→ Material provided:
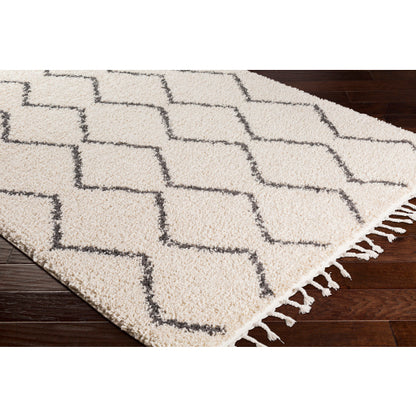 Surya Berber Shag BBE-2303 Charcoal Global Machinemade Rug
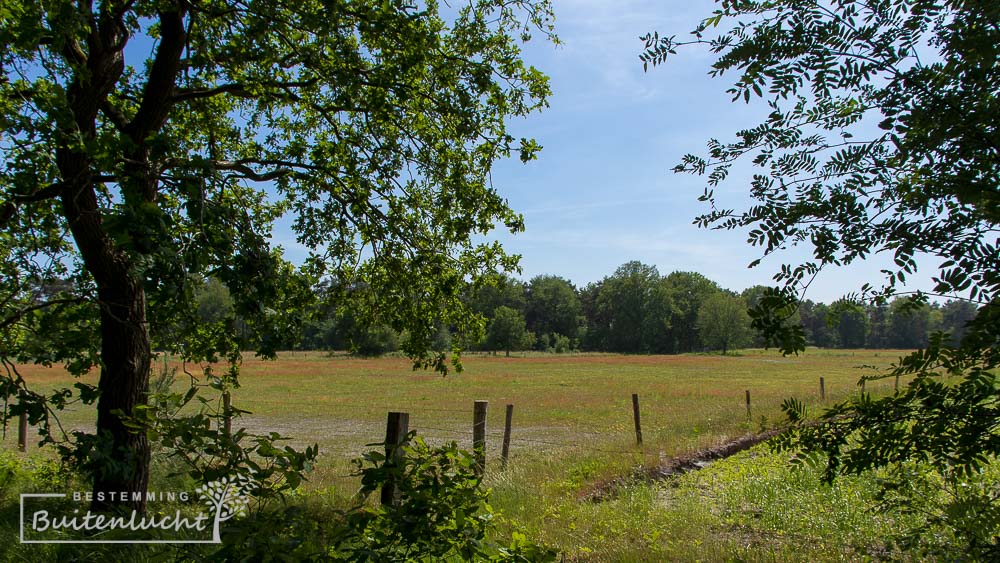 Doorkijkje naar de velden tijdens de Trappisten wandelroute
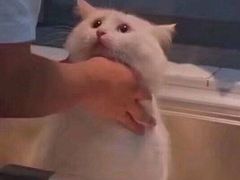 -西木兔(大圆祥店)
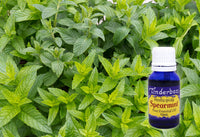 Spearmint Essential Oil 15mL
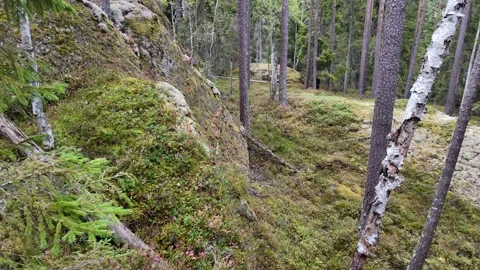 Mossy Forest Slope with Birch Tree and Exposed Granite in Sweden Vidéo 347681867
==
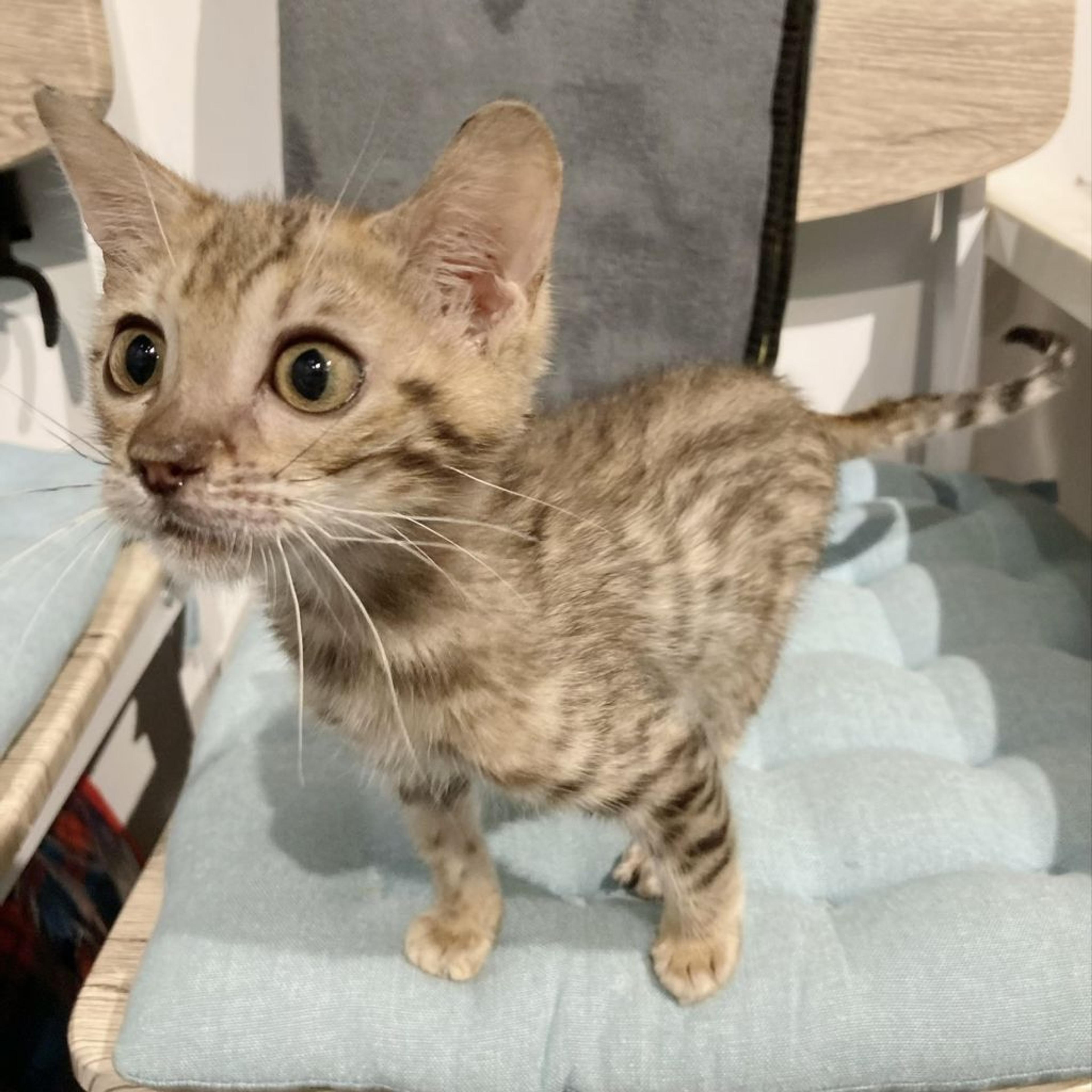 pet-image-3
* * *
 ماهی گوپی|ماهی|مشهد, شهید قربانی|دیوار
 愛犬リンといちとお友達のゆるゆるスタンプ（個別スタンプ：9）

→ About this task:
Only one stretch of the listing is wanted: the lines starting at the one with "Spearmint Essential Oil 15mL" and ending at the one with "Mossy Forest Slope", copied exactly and free of pictures.

→ Reply:
 Spearmint Essential Oil 15mL
 Mossy Forest Slope with Birch Tree and Exposed Granite in Sweden Vidéo 347681867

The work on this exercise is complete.